> _Task description_: All of the data is to be set down again without alteration.

(Dataset items)

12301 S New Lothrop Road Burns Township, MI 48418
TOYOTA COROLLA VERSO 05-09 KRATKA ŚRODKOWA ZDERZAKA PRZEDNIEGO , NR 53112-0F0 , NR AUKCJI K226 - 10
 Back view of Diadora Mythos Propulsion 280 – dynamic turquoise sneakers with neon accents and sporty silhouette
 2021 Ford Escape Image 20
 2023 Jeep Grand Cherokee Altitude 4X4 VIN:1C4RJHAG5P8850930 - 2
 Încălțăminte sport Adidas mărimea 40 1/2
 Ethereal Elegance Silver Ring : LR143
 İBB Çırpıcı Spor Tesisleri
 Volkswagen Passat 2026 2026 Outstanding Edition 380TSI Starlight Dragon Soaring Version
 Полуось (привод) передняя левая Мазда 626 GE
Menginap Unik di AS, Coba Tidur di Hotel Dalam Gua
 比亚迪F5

> _Written response_:
12301 S New Lothrop Road Burns Township, MI 48418
TOYOTA COROLLA VERSO 05-09 KRATKA ŚRODKOWA ZDERZAKA PRZEDNIEGO , NR 53112-0F0 , NR AUKCJI K226 - 10
 Back view of Diadora Mythos Propulsion 280 – dynamic turquoise sneakers with neon accents and sporty silhouette
 2021 Ford Escape Image 20
 2023 Jeep Grand Cherokee Altitude 4X4 VIN:1C4RJHAG5P8850930 - 2
 Încălțăminte sport Adidas mărimea 40 1/2
 Ethereal Elegance Silver Ring : LR143
 İBB Çırpıcı Spor Tesisleri
 Volkswagen Passat 2026 2026 Outstanding Edition 380TSI Starlight Dragon Soaring Version
 Полуось (привод) передняя левая Мазда 626 GE
Menginap Unik di AS, Coba Tidur di Hotel Dalam Gua
 比亚迪F5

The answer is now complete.